| الملخص: | Feature selection and classification are widely utilized for data analysis. Recently,
considerable advancement has been achieved in semi-supervised multi-task feature selection
algorithms, where they have exploited the shared information from multiple related tasks.
However, these semi-supervised multi-task selection feature algorithms are unable to
naturally handle the multi-view data since they are designed to deal with single-view
data. Existing studies have demonstrated that mining information enclosed in multiple
views can drastically enhance the performance of feature selection. As for classification,
researchers have used semi-supervised learning for extreme learning machine (ELM),
where they have exploited both the labeled and unlabeled data in order to boost the
learning performances. They have incorporated Laplacian regularization to determine the
geometry of the underlying manifold. However, Laplacian regularization lacks extrapolating
power and biases the solution towards a constant function. These drawbacks affect the
performances of Laplacian regularized semi-supervised ELMs when a few labeled data
is used. In the first part of the study, a novel mathematical framework is introduced
for multi-view Laplacian semi-supervised feature selection by mining the correlations
among multiple tasks. The proposed algorithm is capable of exploiting complementary
information from different feature views in each task while exploring the shared knowledge
between multiple related tasks in a joint framework when the labeled training data is sparse.

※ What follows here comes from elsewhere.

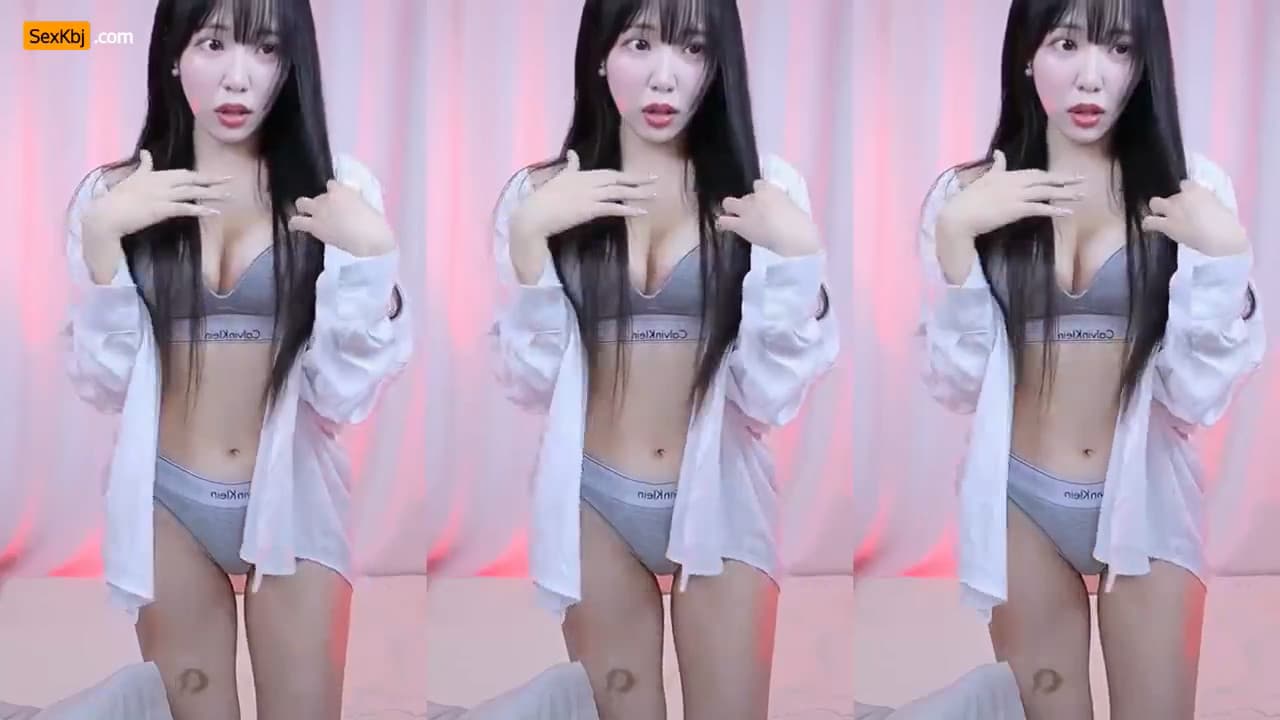 KBJ25102524_junejung1022(BJ채수빈)_sexkbj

An efficient iterative algorithm is developed to optimize the objective function of the
proposed algorithm since it is non-smooth and difficult to solve. The proposed algorithm
is compared with the state-of-the-art feature selection algorithms using three different datasets. These datasets include consumer video dataset, 3D motion recognition dataset
and handwritten digits recognition dataset. In these experiments, all the training and
testing data are represented as feature vectors. By using the proposed algorithm, the sparse
coefficients are learned by exploiting the relationships among different multi-view features
and leveraging the knowledge from multiple related tasks. Then, the sparse coefficients
are applied to both the feature vectors of the training and testing data to select the most
representative features. The selected features are then fed into a linear support vector
machine (SVM) for classification. The experimental results show that the proposed feature
selection framework performed better when compared to other state-of-the-art feature
selection algorithms. In the second part of the study, a novel classification algorithm called
Hessian semi-supervised ELM (HSS-ELM) is proposed to enhance the semi-supervised
learning of ELM. Unlike the Laplacian regularization, the Hessian regularization favours
function whose values vary linearly along the geodesic distance and preserves the local
manifold structure well. It leads to good extrapolating power. Furthermore, HSS-ELM
maintains almost all the advantages of the traditional ELM such as the significant training
efficiency and straightforward implementation for multiclass classification problems. The
proposed algorithm is tested on publicly available datasets. These datasets include G50C,
COIL20 (B), COIL20, USPST(B) and USPST. The experimental results demonstrate that
the proposed algorithm is competitive compared to the state-of-the-art semi-supervised
learning algorithms in terms of accuracy. Additionally, HSS-ELM requires remarkably less
training time compared to semi-supervised SVMs/regularized least-squares algorithms.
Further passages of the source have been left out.